Much is spoken about Barton Street. To some, it’s a hub of diversity and inclusion but to others it feels dangerous and the threat of crime is too close for comfort. Journalism student John Hewitt Jones met some who live and work there for their views.
KRISHNAVENTHAN Thiyagarajah sighs quietly, grimacing as he recalls a striking incident that took place some months ago.
“Some men came in and threatened to shoot me unless I handed over cash from the till,” he said. “I asked them what they had just said, then told them to get out of my shop.”
Once the assailants realised the shopkeeper wasn’t going to give in, they apologised, claimed it was a “joke”, and left.
Occurrences like this aren’t rare in TKS Food and Wine store. According to Mr Thiyagarajah, people come into the shop every other day to steal things and intimidate him and his wife Sugi, often threatening them with racial abuse.
The business has taken such a hit from shoplifting that he’s been forced to install a comprehensive CCTV system – a large screen in front of the counter that allows him to see what’s going on in every corner of the shop.
“A woman came in here yesterday and I watched her put a can of Coke in her pocket. I grabbed her on the way out, and asked her why she was stealing things,” he said.
It was only after he played her the CCTV footage that she admitted to taking the can and gave it back.
According to the shopkeeper, several people come in to buy alcohol, and when they do come in “they’re always high on drink and drugs – the way they behave is crazy”.
It’s only 10.15am, but as Mr Thiyagarajah talks, two customers enter to purchase cans of lager. This shopkeeper isn’t the only resident frustrated by the level of antisocial and criminal behaviour in Barton Street. An owner of a halal food store who didn’t want to be named recalled the problems he’s faced since he took over the shop.
“There are always youths loitering about the street, spitting, swearing, putting off customers,” he said.
“I’ve only owned this business for six months, but it’s noticeable there are problems on the street.”
Moving to the door of the shop, he points to a second-floor window on the opposite side of the road and explains how a few months ago a woman started throwing objects at the entrance of his shop.
“Eggs, rubbish, dirty nappies… it was absolutely disgusting,” he said.
The problem has since been resolved with the help of the police, and city councillor Said Hansdot (L, Barton and Tredworth) has confirmed that the problem resident subsequently moved into different accommodation.

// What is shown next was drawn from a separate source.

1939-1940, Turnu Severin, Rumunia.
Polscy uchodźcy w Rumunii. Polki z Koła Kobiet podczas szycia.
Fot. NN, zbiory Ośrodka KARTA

So, are the problems in Barton Street just caused by antisocial behaviour, or does the area suffer from more subterranean racial tensions?
Local bartender David Monaghan is adamant that the area does have a decent sense of community, and that it just needs more attention. He said: “There’s a real community feel here in the pub – there are plenty of regulars.
“The gangs loitering outside the betting shop may be intimidating for passersby, but it’s a good area. It just needs more attention from the police. You often see them patrolling the street, but they’re never here when you need them.”
Coun Hansdot also thinks the problems on the street are skin-deep.
He said: “I didn’t know we had that much of a problem. I’ve lived in the community for over 40 years and I’ve never had any problems. We should make sure people report this anti-social behaviour whenever possible and stamp it out.”
Police also insist good work is happening there and pointed to falling crime figures as their evidence.
Sergeant Tim Wood, from Gloucestershire police, said: “We are disappointed to hear Mr Thiyagarajah’s views. We have only received three reports of thefts at the shop in the last year so would actively encourage him to make contact with us to discuss his concerns and report any other incidents.
“Barton Street is a very busy main street leading into the city, which does make antisocial behaviour more likely.
“However, we work really closely with the local community to identify such issues and deal with them. For example, we have reduced antisocial behaviour in St James’ Park and in Napier Park, which were both identified as hotspots by the community over the last year.
“There is currently no information or feedback to suggest there is a particular hotspot on Barton Street.”
He added that theft by shoplifting is down by 25 per cent in Barton and Tredworth compared to this time last year.